### EXERCISE AIM
Within the listing below, give again exactly the lines between the one containing "Pecan roll at" and the one containing "OKAYTHXBYE Fair Isle Shawl Collar Cardigan", inclusive, pictures left aside.

### GIVEN DATA
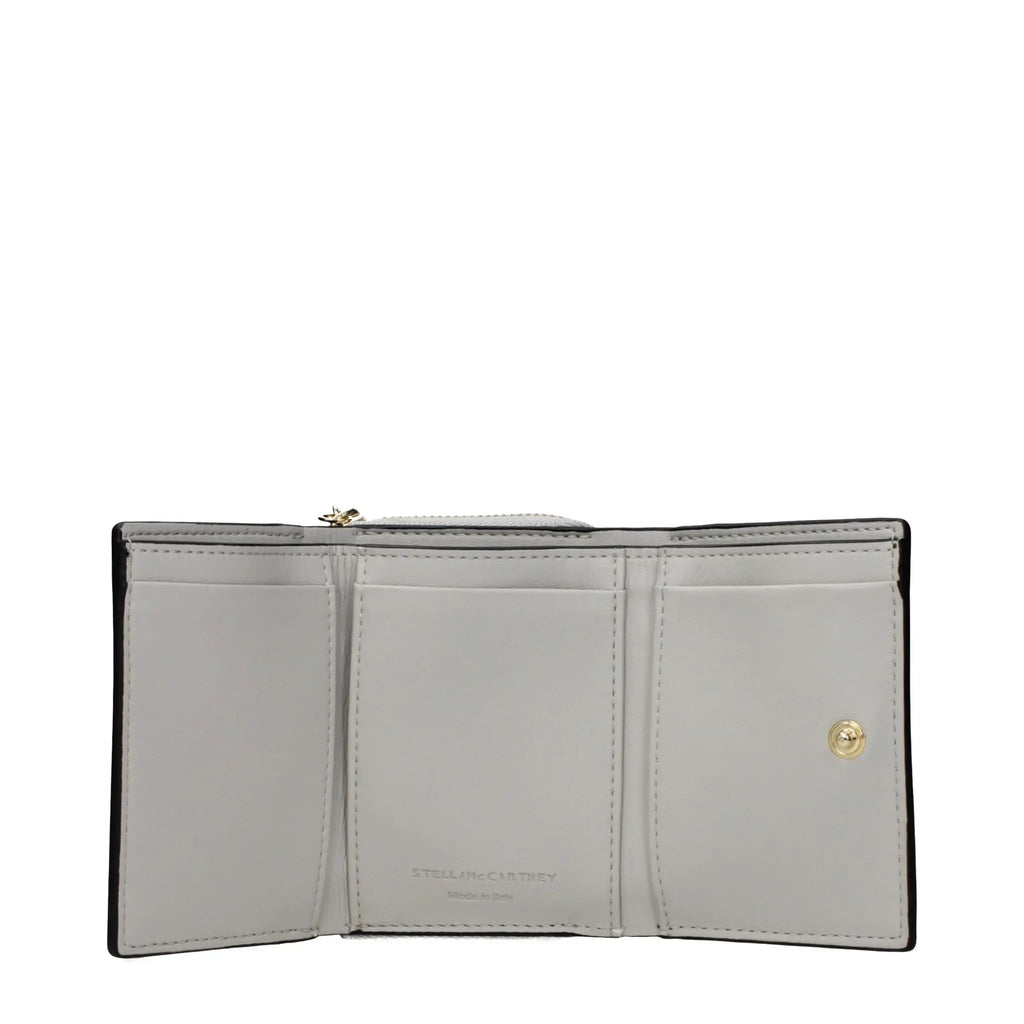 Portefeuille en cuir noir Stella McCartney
* * *
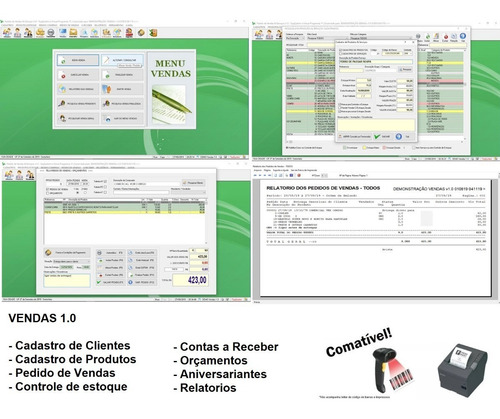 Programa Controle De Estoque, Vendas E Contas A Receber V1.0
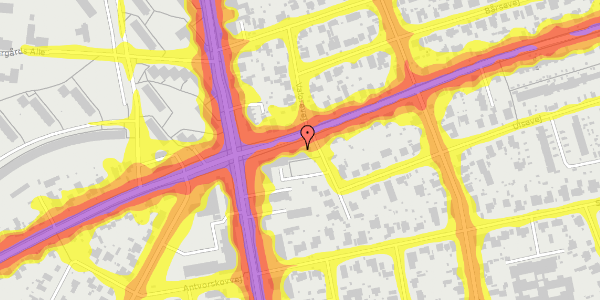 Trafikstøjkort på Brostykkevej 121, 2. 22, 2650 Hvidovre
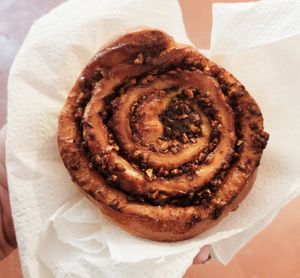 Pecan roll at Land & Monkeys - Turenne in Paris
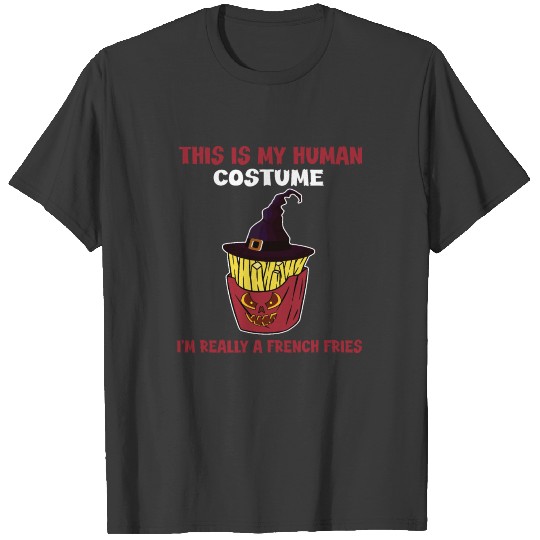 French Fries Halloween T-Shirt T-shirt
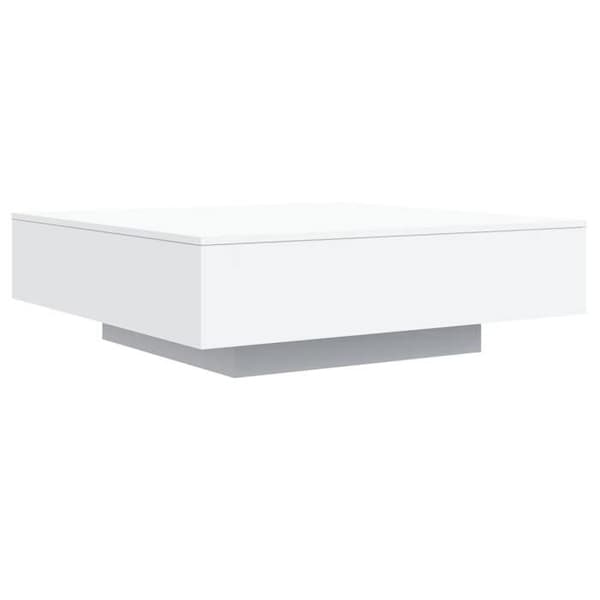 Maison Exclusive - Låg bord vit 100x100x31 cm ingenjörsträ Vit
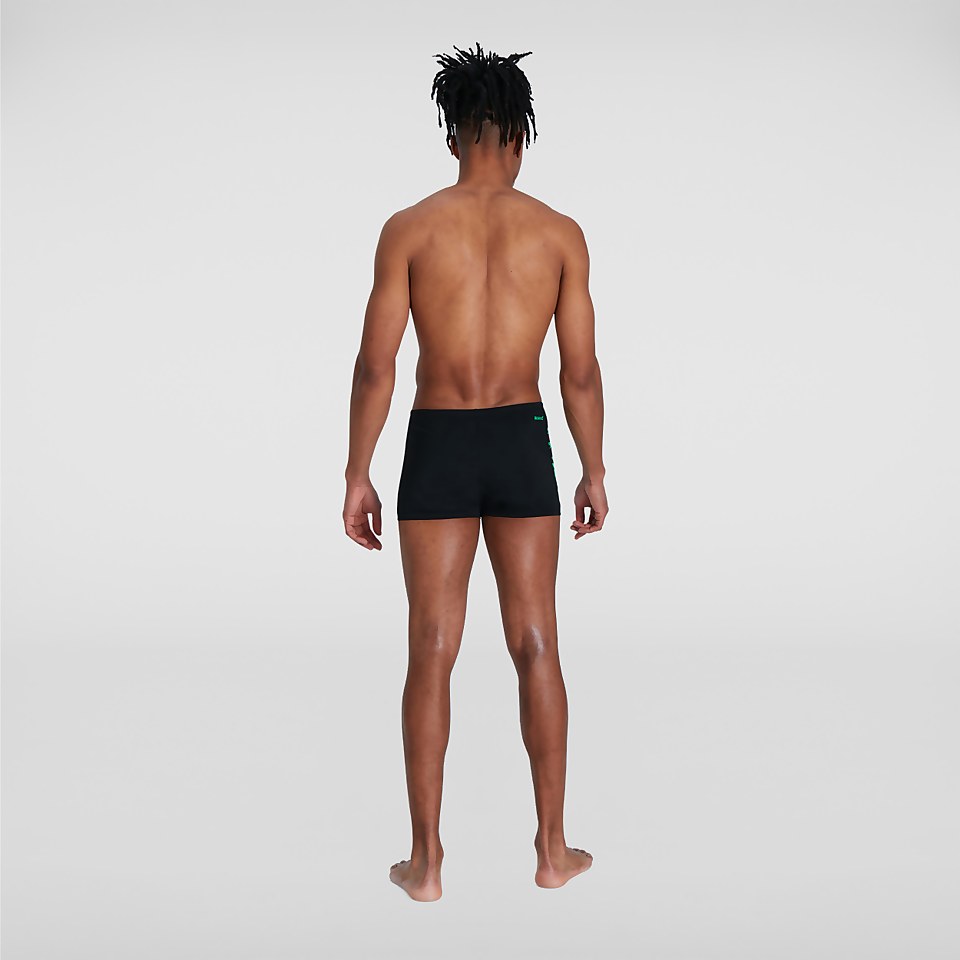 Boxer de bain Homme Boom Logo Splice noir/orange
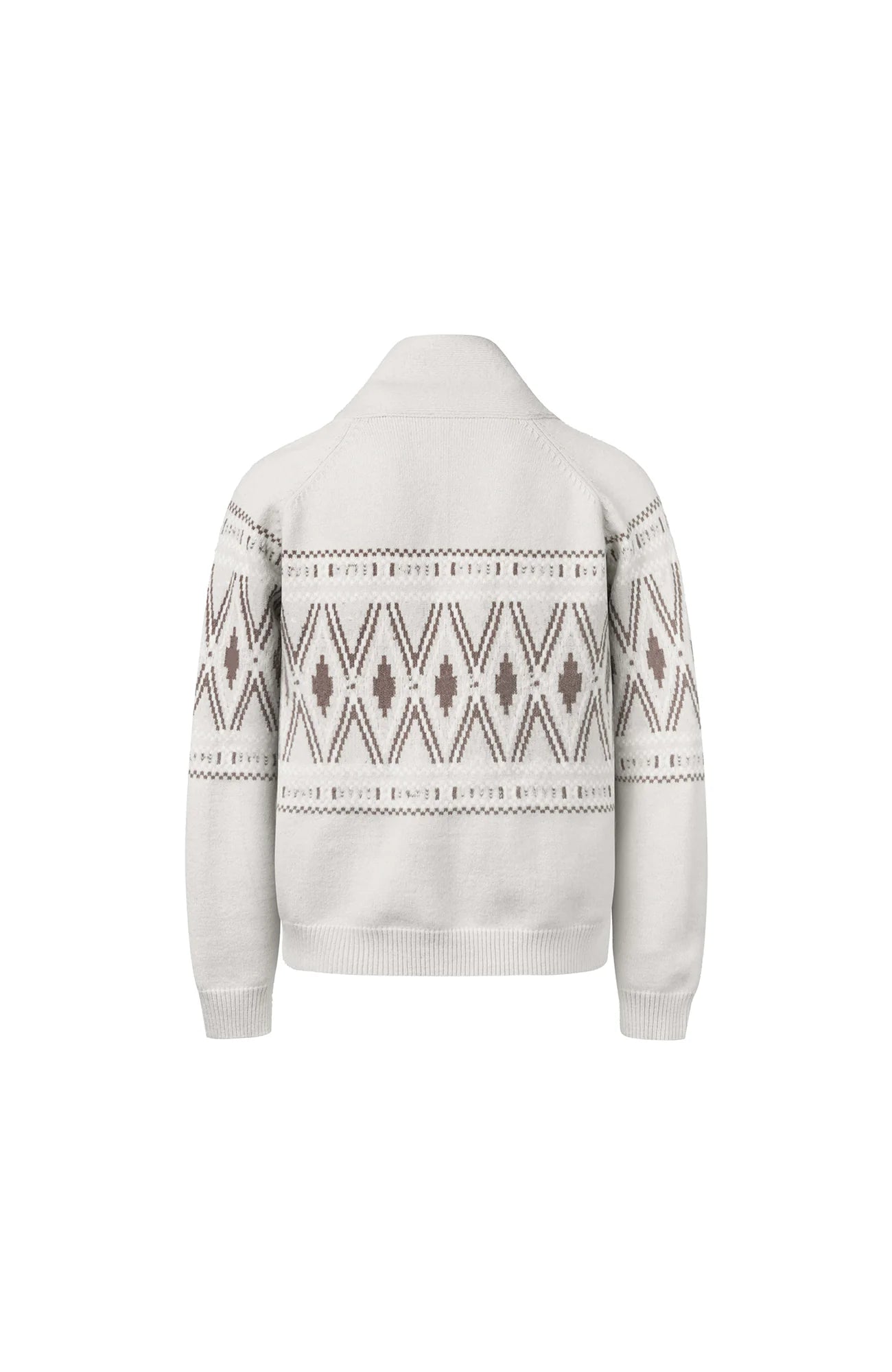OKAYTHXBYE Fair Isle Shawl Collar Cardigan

### REPLY
 Pecan roll at Land & Monkeys - Turenne in Paris
 French Fries Halloween T-Shirt T-shirt
 Maison Exclusive - Låg bord vit 100x100x31 cm ingenjörsträ Vit
 Boxer de bain Homme Boom Logo Splice noir/orange
OKAYTHXBYE Fair Isle Shawl Collar Cardigan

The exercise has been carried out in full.